Sometimes in your marriage it feels like you are just trying to survive rather than thriving. Life gets busy with your careers, taking care of the kids, and every other little thing. Soon enough you begin to forget about your relationship together, and just how important it really is to make sure your marriage is thriving rather than surviving.
What does it mean to thrive, not just survive, in your marriage?
Creating habits for your marriage is where you can get started to feel like your marriage is thriving. Habits are like exercising. You really have to work on your marriage and relationship with each other in order to see good results.
Today I want to share with you 6 habits that has made my marriage successful.
1. Modeling to Your Kids
Modeling things to your kids helps you think about how you are behaving, responding, and reacting in your marriage. Demonstrating a healthy marriage sets you up to thrive in your marriage, but also lets your kids know what a healthy marriage looks like and for their future.
You can model to your kids by complimenting your spouse in front of them. Another way you can model to your kids is by serving one another with what you do for each other.

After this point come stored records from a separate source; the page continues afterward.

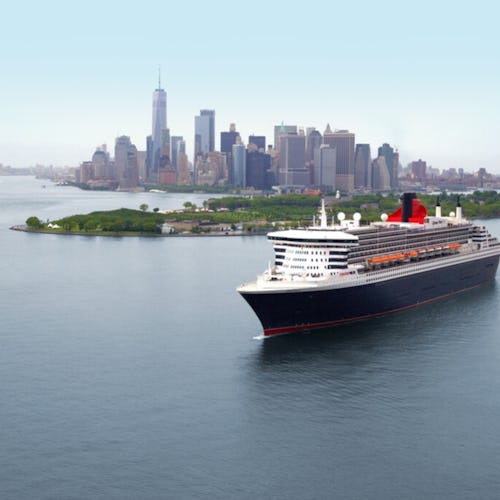 Queen Mary 2 Transatlantic
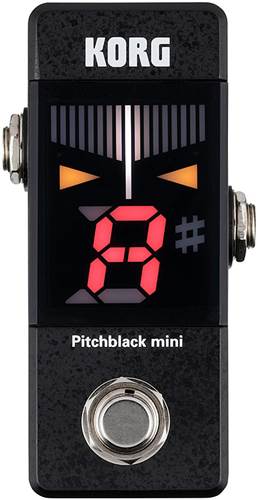 Korg Pitchblack Mini Tuner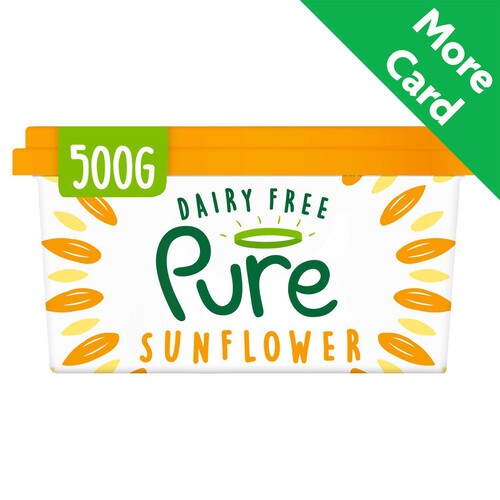 Pure Vegan Dairy Free Sunflower Spread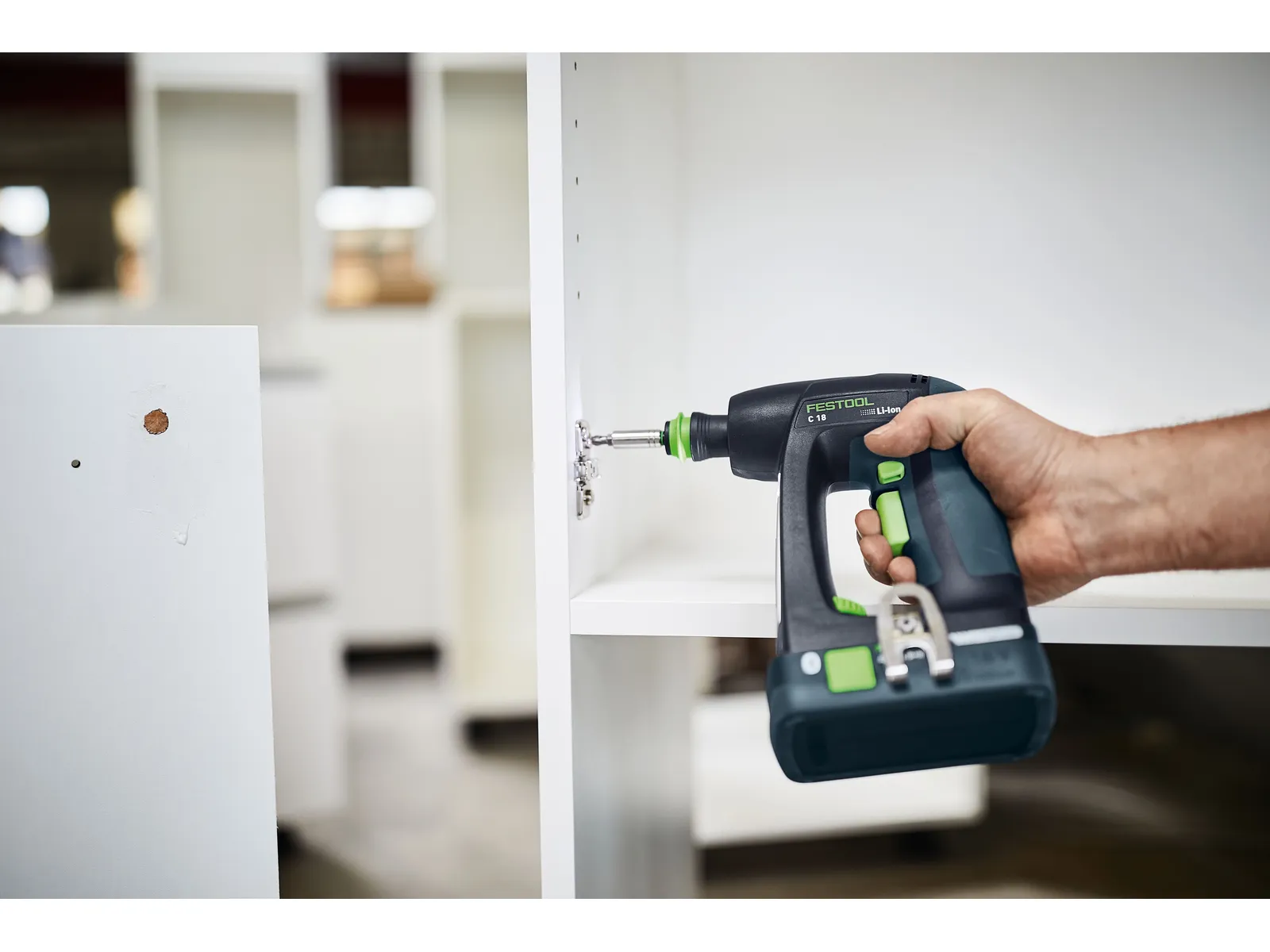 Аккумуляторный дрель-шуруповерт Festool C 18 Basic-Set, арт. 578831 - Image 3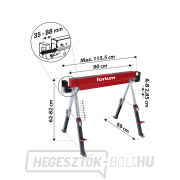 összecsukható építési kecske 1 db, teherbírása 590 kg, magassága 61,5-82 mm összecsukható építési kecske 1 db, teherbírása 590 kg, magassága 61,5-82 mm náhled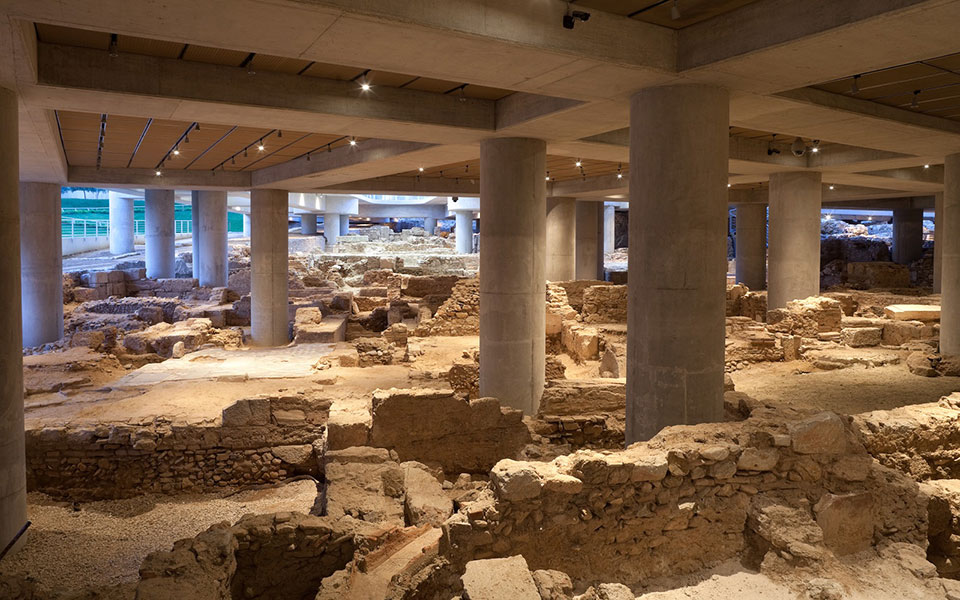 Exploring the Ancient City Beneath the Acropolis Museum - Greece Is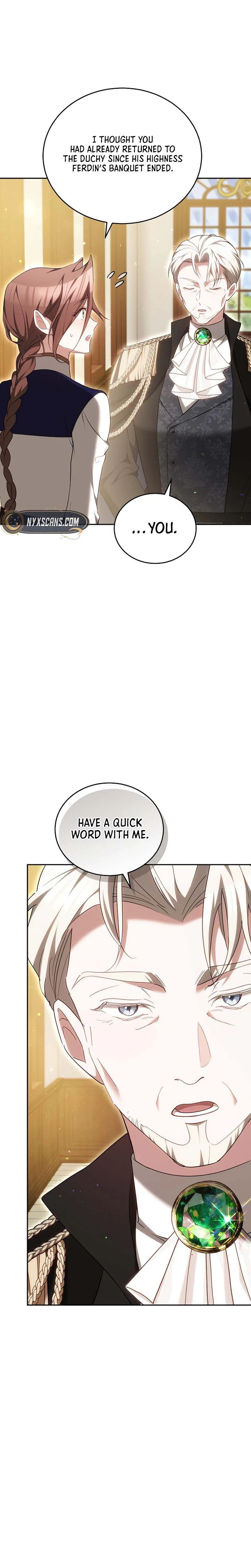 The Reason Why That Villainess Picked Up A Sword Chapter 54 Page 34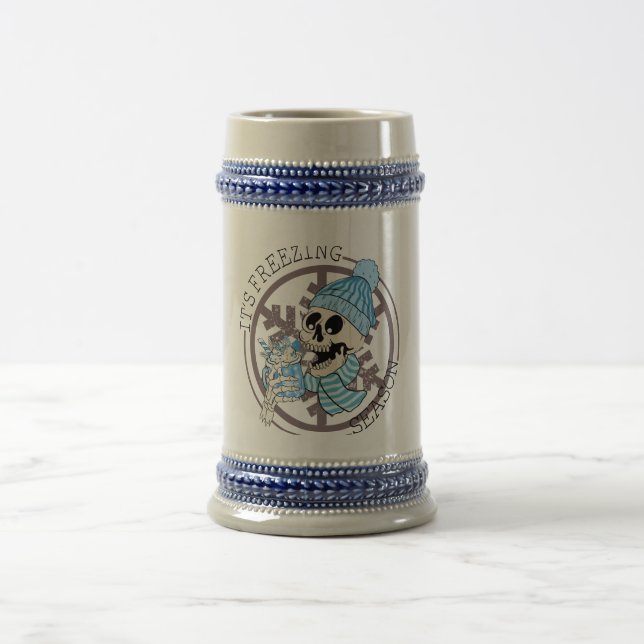 It's Freezing Season Beer Stein (Center)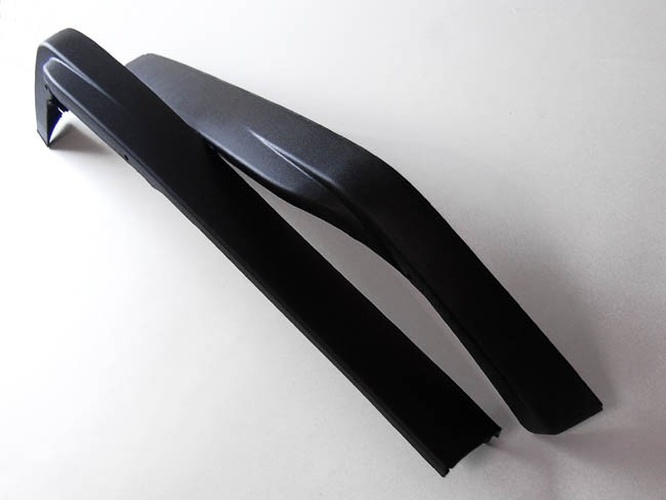 Front Spoiler Lippe Frontschürze Frontlippe Frontansatz Klei...
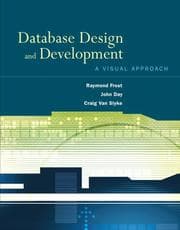 Tapa de Database design and development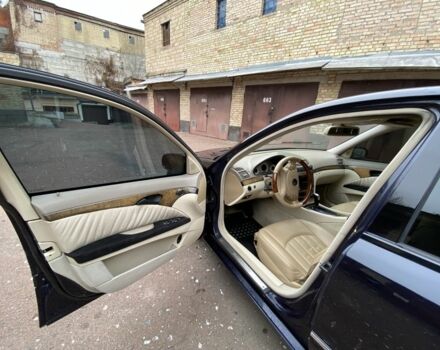 Синий Мерседес Е-Класс, объемом двигателя 3.2 л и пробегом 415 тыс. км за 3800 $, фото 6 на Automoto.ua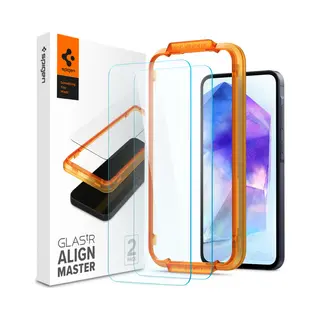 Spigen Glas.tR AlignMaster Doorzichtige schermbeschermer Samsung 2 stuk(s)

It can be simple things, such as willing to help others and put things aside even if it disrupts your day.
Your day to day habit is also important as your kids will continually watch how you behave and react to each other.
2. Put God at the Center of Your Marriage
Putting God at the center of your marriage is important. With big decisions to make, we pray about it. We make sure we go to church together. This habit also models to our kids how important it is to put God at the center of your marriage. They see that we spend time praying and go to church together.
We really encourage our kids and friends to spend time with counseling or encouraging in their marriages that this is one of the top priorities.
3. Have a Date Night
Always have a date night with just the two of you. You can always go on date night with friends too.
When I first got married, we continued to go on date nights, but I soon realized that we could just forget this whole date night thing and not spend time on the two of us. We also would be missing time out with our friends and encouraging them or them encouraging us.
We put a priority on dating once a week. Our day was Thursday because it was the easiest for our family’s schedule. If we needed a babysitter, we made sure to fit it in our budget. When the older kids got old enough, we had them babysit the younger ones. You can always find someone else to swap babysitting with. You watch their kids one night a week and they watch your kids one night a week, so you both can get date nights with your spouses.
Your date night can just be about anything. You can go out to dinner together. Sometimes I even ran errands with my husband. Going on walks is another thing we did. No matter what it is just spending time together is important.
4. Share Responsibilities
It’s never too late to share responsibilities. It’s a great model for your kids and a marriage that thrives because no one is just feeling like they are carrying all the responsibilities and having to do it all.
We shared the parenting with many things. We took turns driving the kids to activities and their sports. We both helped with homework and getting the kids off to school in the morning. During this whole time, we made sure to communicate with each other. Communicating is important.
5. Show Affection with Each Other
Showing affection with each other is not only good for your marriage, but also modeling to your kids. A physical relationship and showing you love each other is important. It also easy for many of us to forget about showing affection when we get so busy and forget.
6. Accept Your Differences
Each of you are a valuable person and has many great gifts. You both have many talents and good things to bring to the table. It’s important that you both accept your differences and realize there is value in your differences.
Take time to figure out how you can make your differences work. I have to remember this a lot that my husband doesn’t do everything like I do. He doesn’t think the way I think either. I learned I had to appreciate and accept that.
I hope you will think about one or two of these things to help your marriage. I challenge you to work on your marriage together. Create habits that will bring success to your marriage. Use one or two of these habits to help exercise success in your marriage today. Remember there is no perfect marriage. Stop looking at other people’s marriages. Marriages work but you have to be willing to put into it.